At that time I was a novice, didn't know what a debugger was (I printed everything out the the console / page) and didn't know what an IDE was (I think I was using Notepad++). I managed this feat by following the tutorial.
The biggest problem I had was that I couldn't understand why centre, and colour didn't work. Once I realised that I had to spell everything in American English, that problem quickly went away.
I too learned the basics of CSS back in the IE6 era, and I had no trouble following the steps of the tutorials, using similarly primitive tools. If I'd had an experience like yours, I suppose my career might have gone in a different direction. Instead, though, as soon as I tried to take what I thought I had learned from those tutorials and make something of my own, I smashed into a wall of chaos; nothing seemed to be predictable.
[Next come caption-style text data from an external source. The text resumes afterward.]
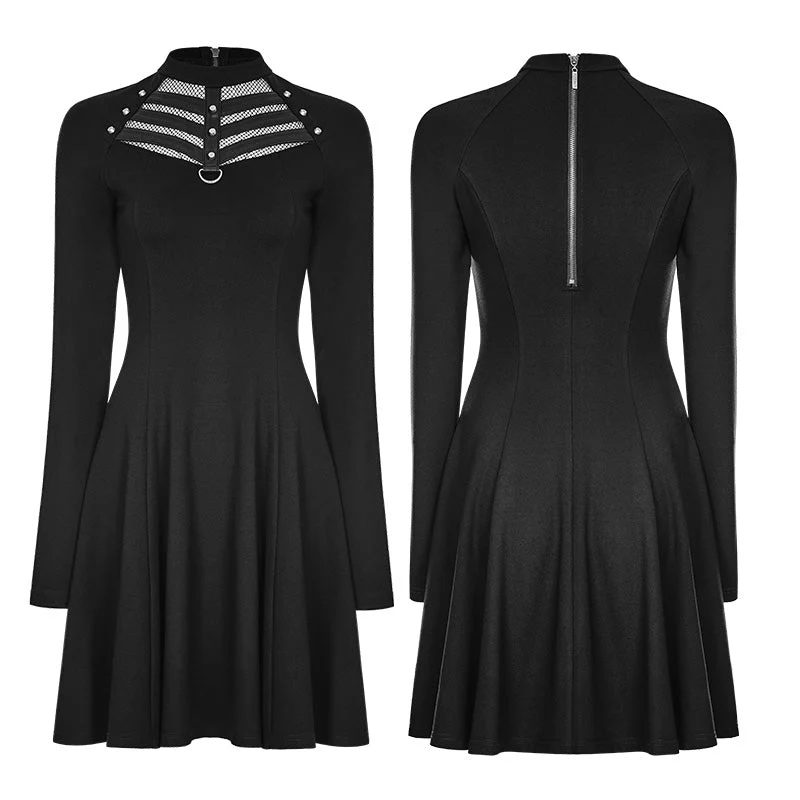 OQ-366 Daily High Elastic Knitted Punk Dress For Women - Image 4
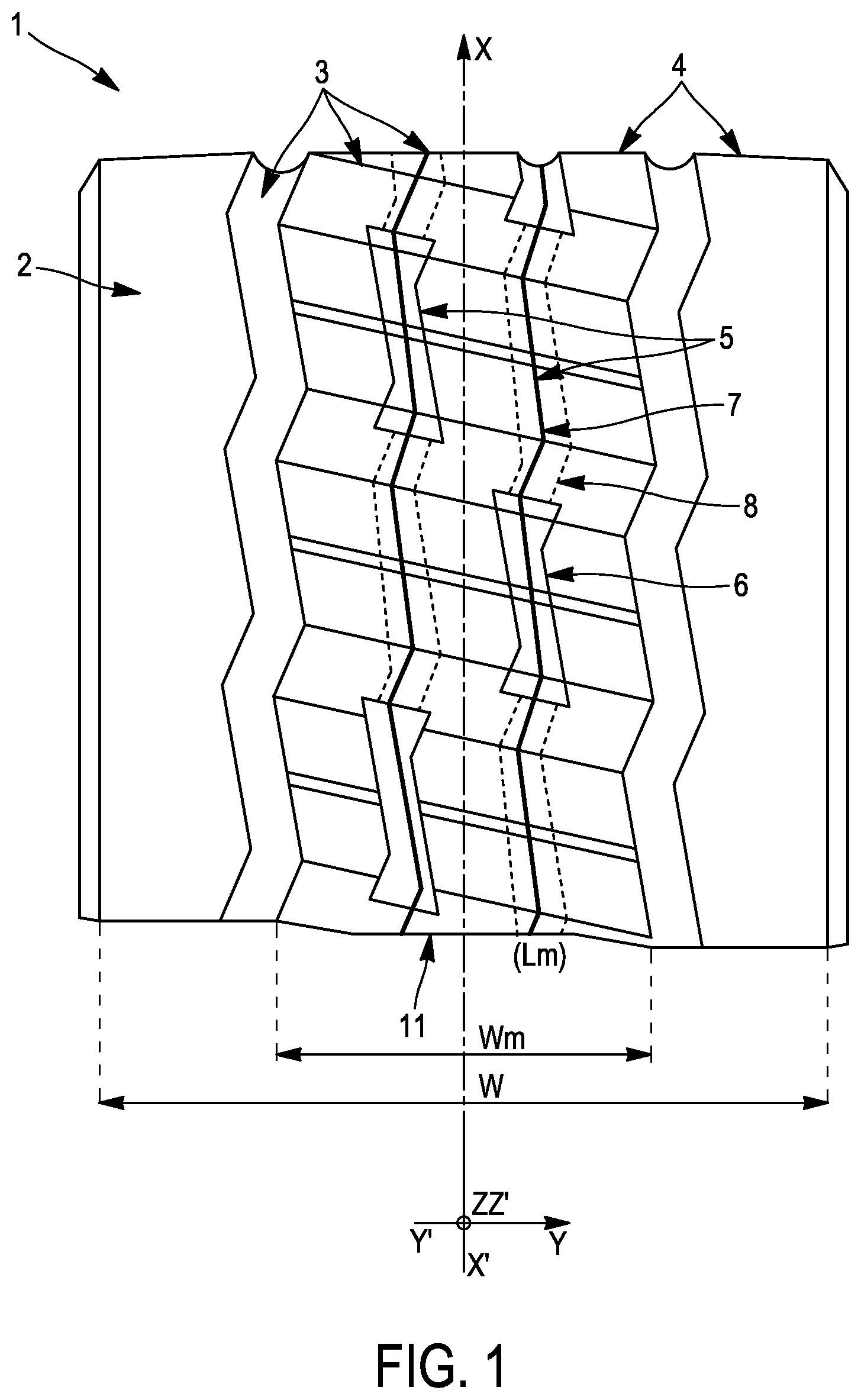 Patent US12350971 — Tire tread for a heavy-duty vehicle having improved resistance to attack — Figure 1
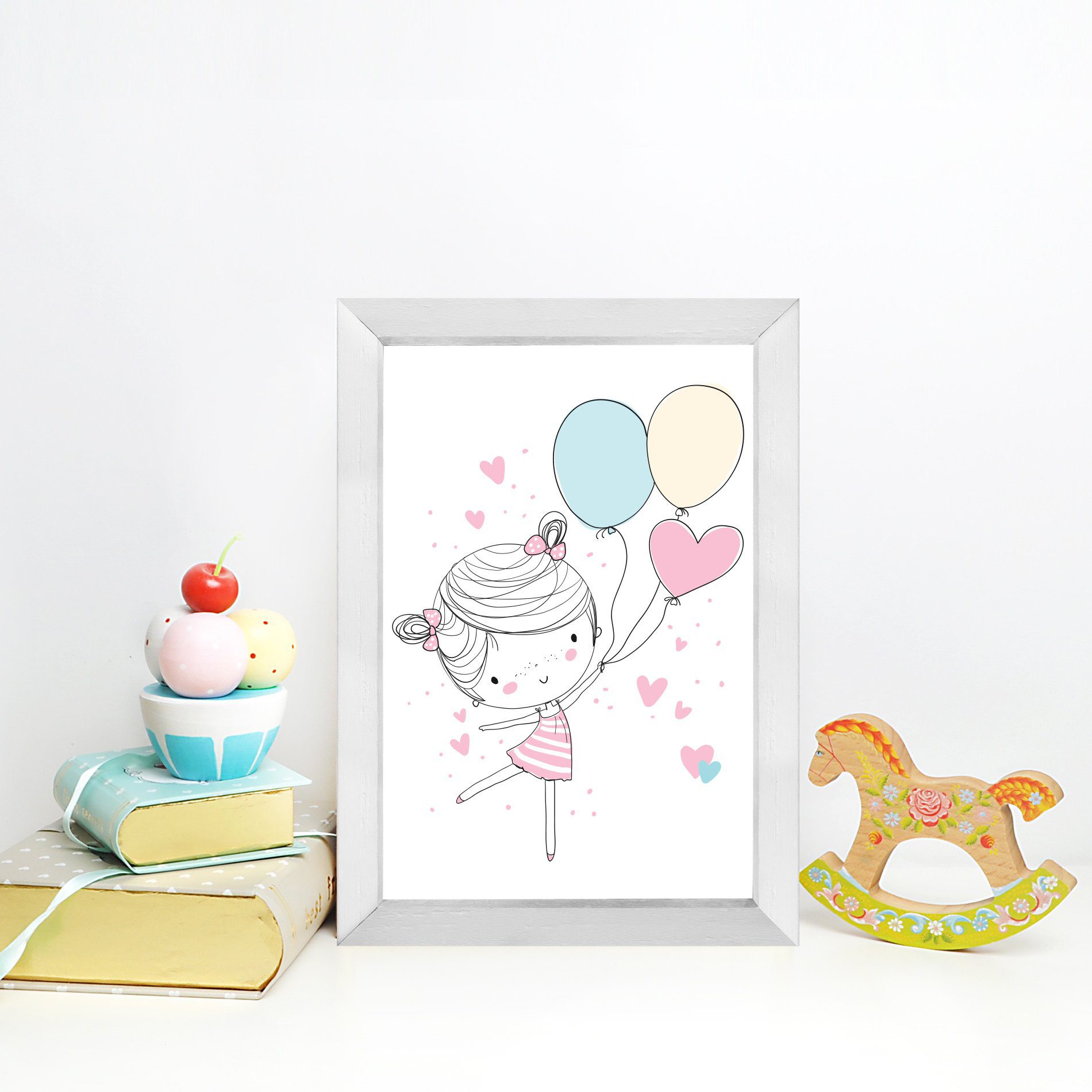 Quadro Decorativo com Moldura Branca Menina Balões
I knew the browser could do what I was imagining, because I had been making it do that for years already via tables and repeating GIFs and all that, but trying to do it with CSS got me nowhere.
> I always feel like I'm having to decode it. But I can easily and happily work with some programming languages that most devs would cross the street to avoid.
Those languages happen to be "imperative"? – the few backend devs I know who at least sort of vibe with CSS are all used to declarative programming. I think that might be at least one of the reasons?
I've been building https://www.webring.gg . It's a webring creation and management tool that lets members vote new websites (and website owners) to join the ring.
I'm hoping that good webrings can hold the integrity of human networks on the web.
I've been building https://www.webring.gg . It's a webring creation and management tool that lets members vote new websites (and website owners) to join the ring.
I'm hoping that good webrings can hold the integrity of human networks on the web.
1. Browser navigation overlapping website viewport in iOS Safari. What is the real height of the viewport?
2. Floating side panel on macOS: necessitates needless extension the app body. Also, the App close button is in the side panel, which is floating IN the app body. This seems like a betrayal of their so called structure philosophy.